Spiegelman told UK’s The Guardian (we saw via Mashable) that his initial essay had a brief dig at Trump (referring to him as “Orange Skull,” akin to Captain America villain Red Skull). According to Spiegelman, he was told Marvel Comics “is not allowing its publications to take a political stance.” Rather than remove the line, Spiegelman withdrew his essay and instead published it in full on The Guardian‘s website.
The passage with the Orange Skull line reads as follows:
Auschwitz and Hiroshima make more sense as dark comic book cataclysms than as events in our real world. In today’s all too real world, Captain America’s most nefarious villain, the Red Skull, is alive on screen and an Orange Skull haunts America. International fascism again looms large (how quickly we humans forget – study these golden age comics hard, boys and girls!) and the dislocations that have followed the global economic meltdown of 2008 helped bring us to a point where the planet itself seems likely to melt down. Armageddon seems somehow plausible and we’re all turned into helpless children scared of forces grander than we can imagine, looking for respite and answers in superheroes flying across screens in our chapel of dreams.

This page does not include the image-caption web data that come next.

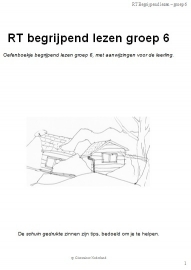 RT Begrijpend lezen groep 6 (pdf-bestand)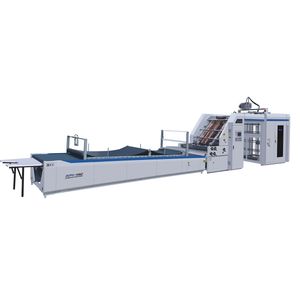 Automatic High Speed Flute Laminating Machine/Litho Laminator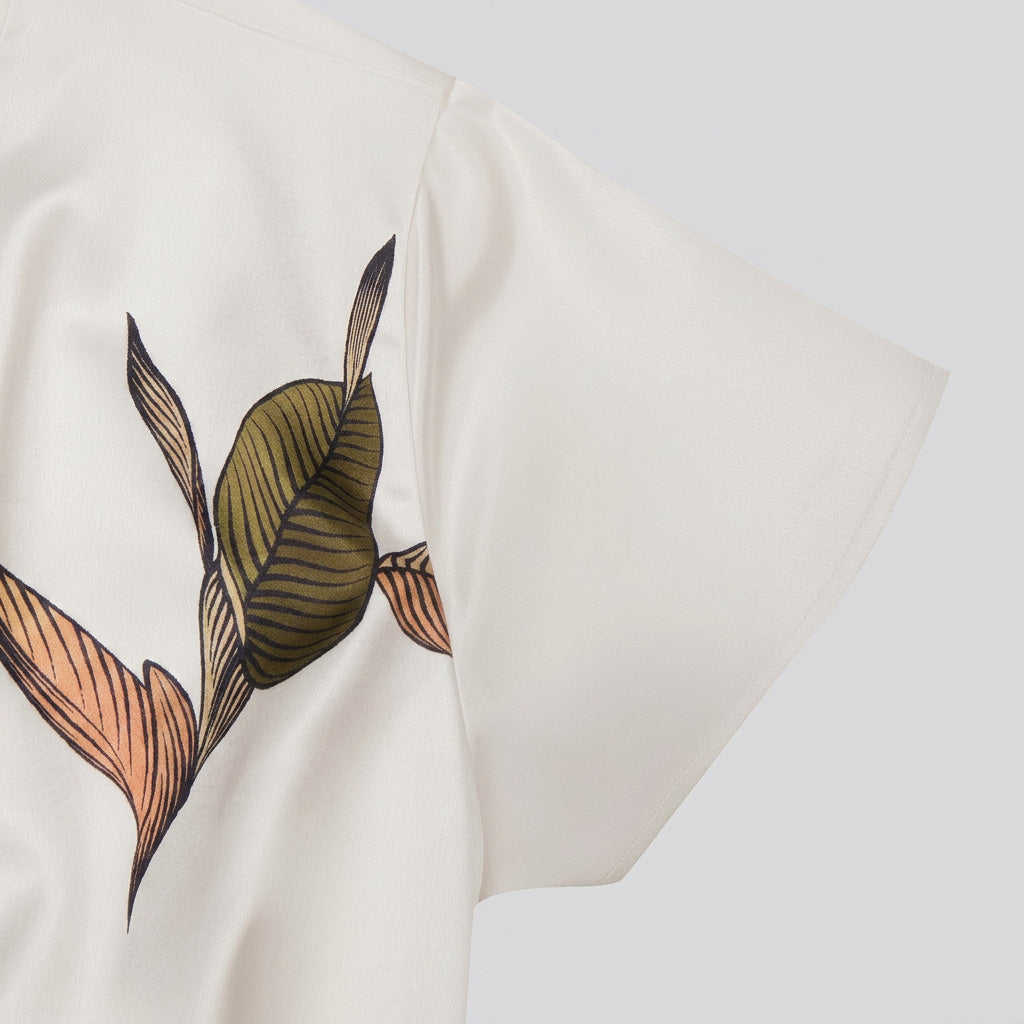 Isabel - Vestito Midi con Fiocco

For a volume entitled Marvel: The Golden Age 1939-1949, having the Pulitzer Prize-winning creator of Maus write the foreword seemed an absolute coup. Spiegelman talks in the essay about how relevant these 80-year-old comics are again, given the political and social landscape of 2019. You might think a single line with a joke about a sitting president isn’t much to remove, but Spiegelman’s entire point, and the entire point of Maus, is how quickly seemingly civilized societies can fall when they don’t heed the warning signs.
Captain America Comics #1
Art is political. Captain America punched Hitler on a cover the same way as the mice in Maus struggled under cat Hitler’s tyranny. To decree that none of this art can “take a political stance” is a slippery slope toward censorship. We should also note, as per a recent LA Magazine piece, Marvel Entertainment’s billionaire chairman Ike Perlmutter is a longtime Trump ally and one of his biggest donors.